Спорово-пыльцевой комплекс I выделен в культурном слое мезолита (примерно 8650–8700 ВР) (табл. 1, 1, 2). В это время в изученном регионе существовали лесостепные пространства. Широкое распространение имели березовые или смешанные березово-липовые колки. Не исключено присутствие и чисто березовых колков, а в благоприятных местообитаниях – липняков. Вероятно, леса были приурочены преимущественно к долине реки. Открытые пространства были заняты полынно-злаковыми группировками с участием разнотравья. Не исключено, что доля полыней была выше, чем отражено на диаграмме, так как часть плохо сохранившейся трехбороздной (Tricolpate) пыльцы может принадлежать роду полыней (это касается всех комплексов).

Спорово-пыльцевой комплекс II (береза с участием сосны и незначительным участием широколиственных пород / цикориевые, злаки, полыни) охарактеризован по образцам 2 и 3 из слоя 2.

В общем составе количество пыльцы древесных пород снижается до 36–49%, и на первое место выходят травянистые растения, достигая 51–64%, на споры приходится 4–5% (рис. 2, 2).

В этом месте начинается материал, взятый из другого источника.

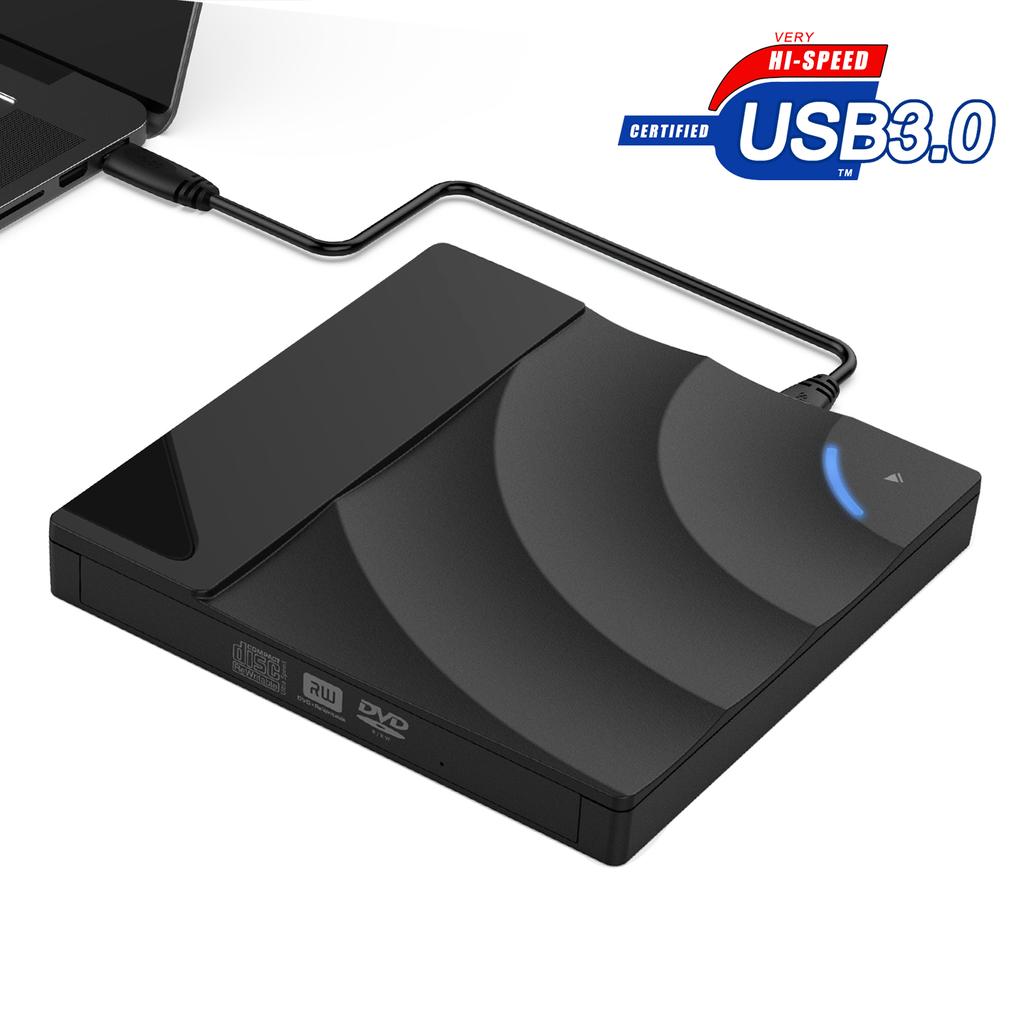 External CD/DVD Drive, USB 3.0 Type-C DVD +/-RW Drive for Laptop, CD DVD Burner, Slim Portable CD DVD Player for Laptop Desktop PC Windows 10/8/7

Среди древесных пород по-прежнему преобладает пыльца березы (Betula) (18–31%), но увеличивается доля сосны (Pinus) (6–13%), широколиственные породы составляют (2–7%), включая липу (Tilia) и единично дуб (Quercus), в небольшом количестве отмечена ольха (Alnus) и лещина (Corylus).

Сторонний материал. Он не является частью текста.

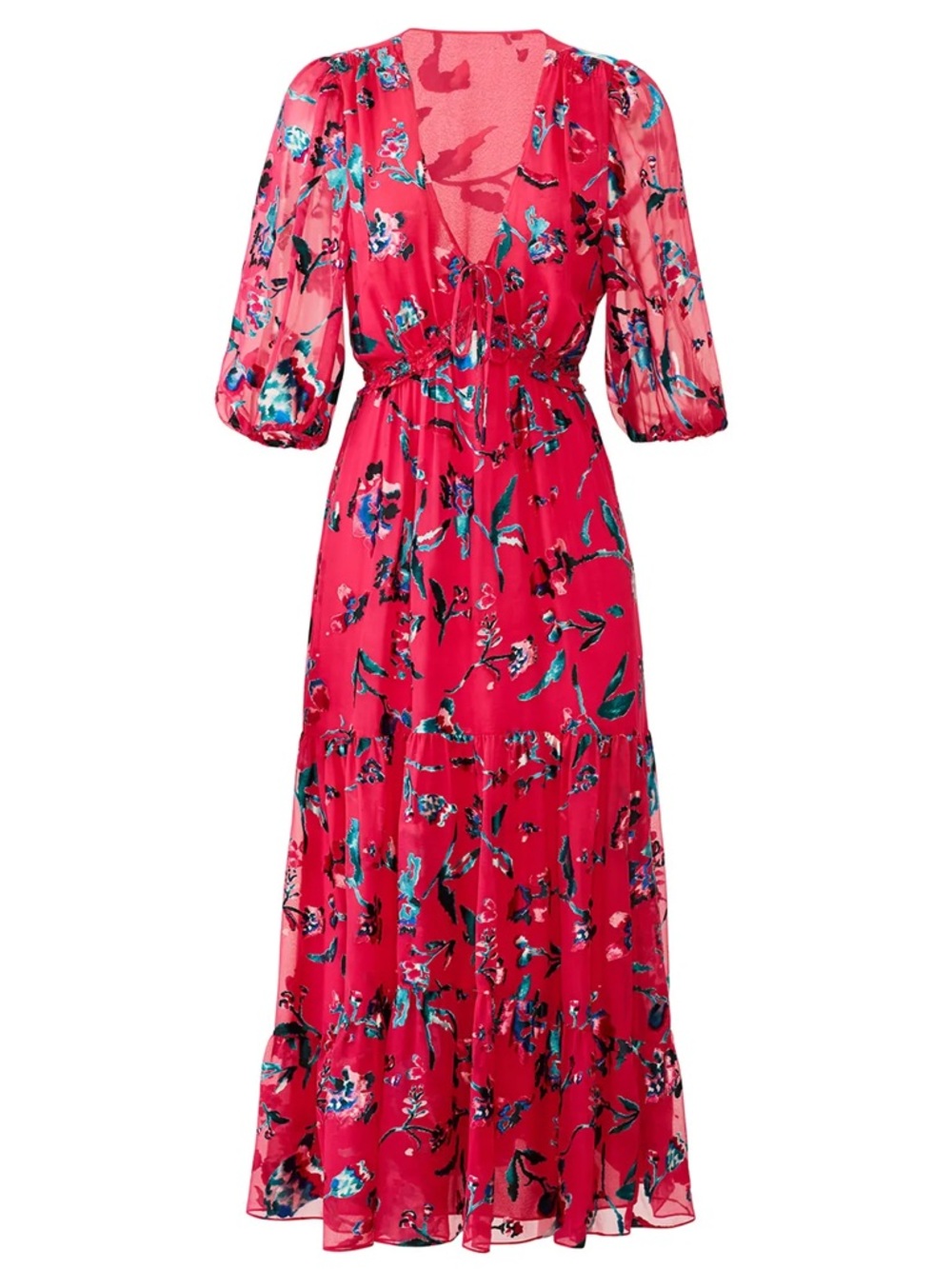 Tanya Taylor Dulce Silk Rayon Hot Pink Floral Tiered Ruffle Midi Dress Sz 6 - Picture 2 of 7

В группе травянистых растений присутствует пыльца злаков (Poaceae) (10%), маревых (Chenopodiaceae) (2–6%), полыней (Artemisia) (4%), чаще всего встречается пыльца подсемейства цикориевых (Ciсhorioideae) (12–18%) и трехбороздная (11–12%), по-прежнему высок процент неопределенной (8–9%).

В составе споровых единично присутствуют зеленые (Bryales) и сфагновые (Sphagnum) мхи, плауновые (Lycopodiaceae), папоротники семейства многоножковые (Polypodiaceae), папоротник орляк (Pteridium).

Спорово-пыльцевой комплекс II выделен в культурном слое финального бронзового века (примерно 2600–2700 или 2600–3000 ВР) (табл. 1, 3–6). Судя по составу спорово-пыльцевых спектров, площади лесных массивов существенно сократились. В это время помимо березы в их составе появляется сосна. Пыльца сосны, так же как и березы, переносится по воздуху на большие расстояния, поэтому часть может быть заносной. Тем не менее ее достаточно большое количество свидетельствует о существовании в изученном районе сосновых боров, которые могли произрастать на песчаных террасах и дюнах. Данное обстоятельство также может говорить о смещении границы сосновых лесов к югу. Помимо сосновых боров в окрестностях стоянки по-прежнему росли березовые колки с незначительным участием липы, дуба и с лещиной в подлеске. В более влажных местообитаниях росла ольха.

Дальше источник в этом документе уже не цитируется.